Metrictank exposes many metrics to aid with operating the software in production. As the metrictank team (the primary on-call team for metrictank at Grafana Labs) grows and onboards new people, and more customers deploy the software on their premises, we need to solve a few problems regarding the metrics exposed by metrictank:
- Public documentation should describe which metrics exist and what they mean.
- The code should have comments describing what each metric means.
- The metric descriptions in the documentation and code should never be out of date.
The solution we came up with was to create a tool, aptly named metrics2docs, which can generate metrics documentation from Golang code annotations. It incentivizes documentation at the code level along with the metrics declarations (which makes it easy to keep everything up to date) and generates the documentation based on that.
It supports inline comments:
statUpdate = stats.NewCounter32("idx.memory.ops.update") // metric idx.memory.ops.update is the number of updates to the memory idx
As well as block comments:
// metric tank.metrics_reordered is the number of points received that are going back in time, but are still // within the reorder window. in such a case they will be inserted in the correct order. // E.g. if the reorder window is 60 (datapoints) then points may be inserted at random order as long as their // timestamp is not older than the 60th datapoint counting from the newest. metricsReordered = stats.NewCounter32("tank.metrics_reordered")
We then have a script that developers run which makes sure our docs are up to date.
It generates our configuration documentation based on current config files, and also runs, quite simply,
metrics2docs . > docs/metrics.md to make sure the metrics documentation is up to date.
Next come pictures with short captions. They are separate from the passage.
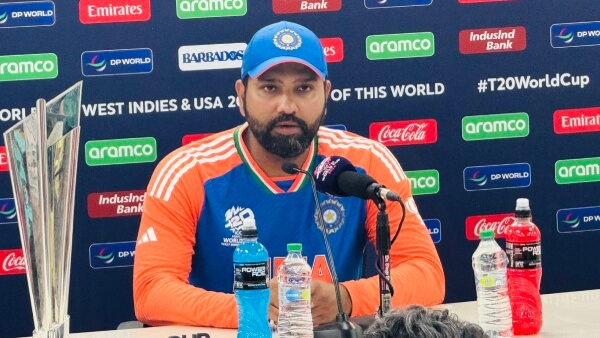 Rohit Sharma bids farewell to T20Is after leading India to T20 World Cup 2024 glory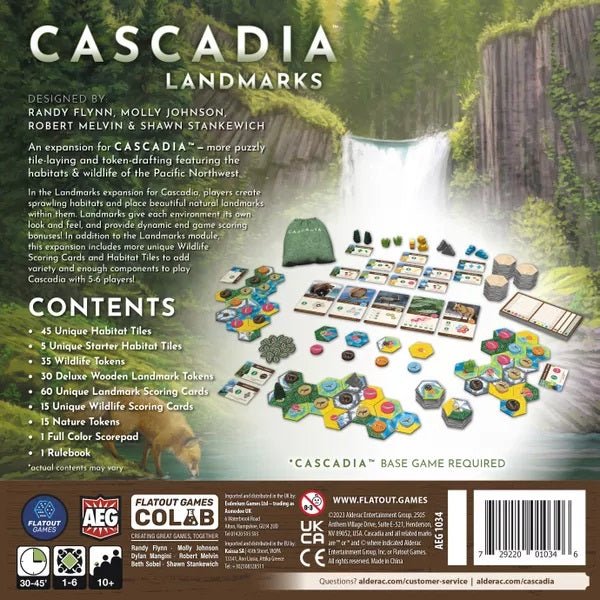 Cascadia: Landmarks Expansion! - Image 4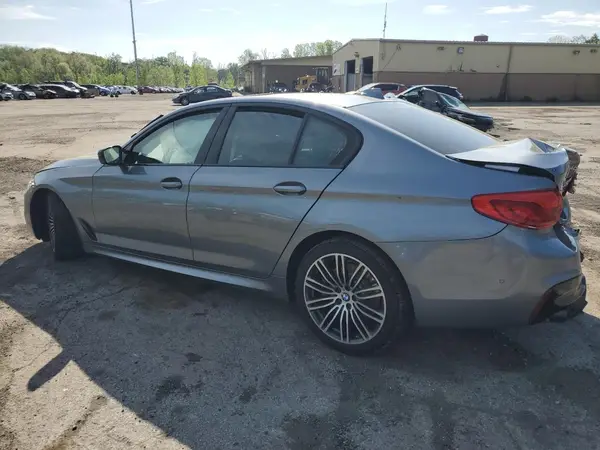WBAJE7C59KWW44048 2019 BMW 5ER - Image 2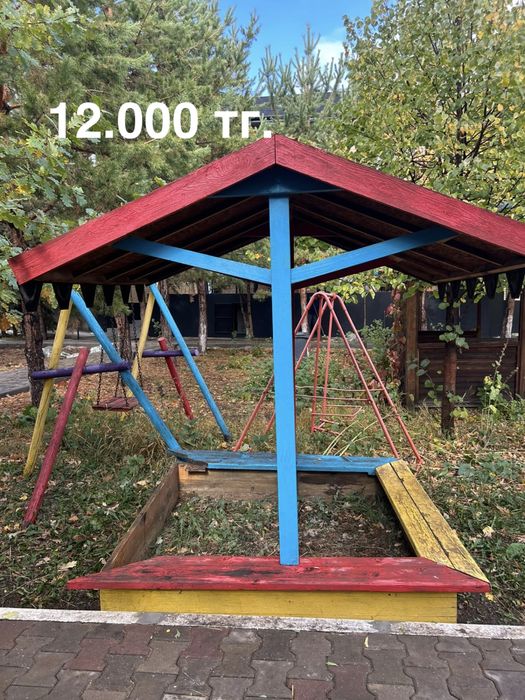 Продам беседки детские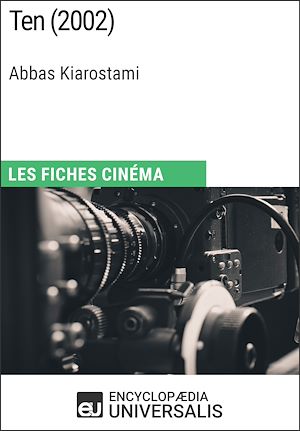 Téléchargez le livre :  Ten d'Abbas Kiarostami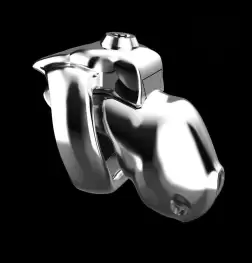 Super Max Male Chastity Device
We have another script which ensures that all auto-generated docs are up to date. (We generate docs via metrics2docs, but also auto-generated configuration docs, docs about all the binaries and their options, etc.)
The end result lives under /docs/metrics.md.
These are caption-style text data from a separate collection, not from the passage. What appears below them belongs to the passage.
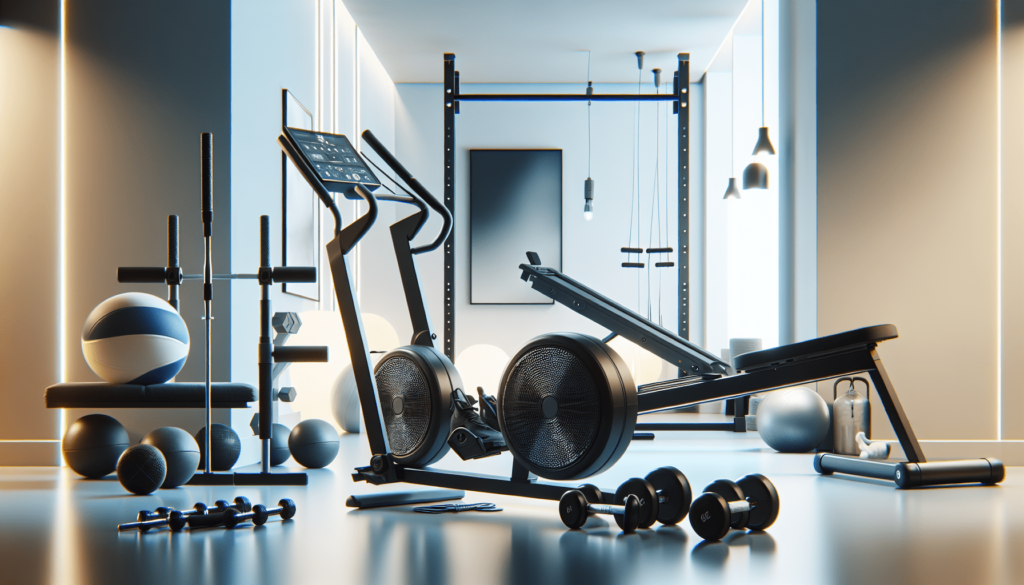 Best At Home Gym Equipment For Weight Loss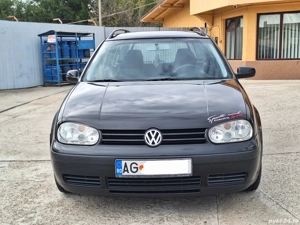 Volkswagen golf variant 1.9 TDI 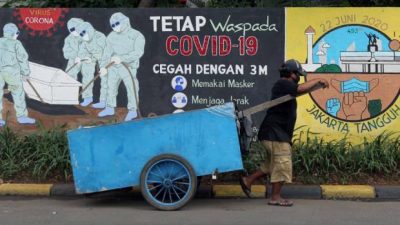 Agar Pandemi Covid-19 di Indonesia Bisa Jadi Endemi Ini saran Dari Epidemiolog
Of course, the next logical question is: How do we expose this information in Grafana? How do we make sure users can see documentation for each metric as they need it, or find metrics by searching through their documentation? We have a few ideas brewing on this topic and expect to start working on this in the near future.
For more info on best practices for operating metrictank (in particular, which metrics you may want to alert on), the operations guide is also a useful resource.
Finally, I’d like to mention how neat it is that Go provides packages such as go/parser and go/ast, which helps significantly when trying to write a tool that parses Go code and does cool things with it.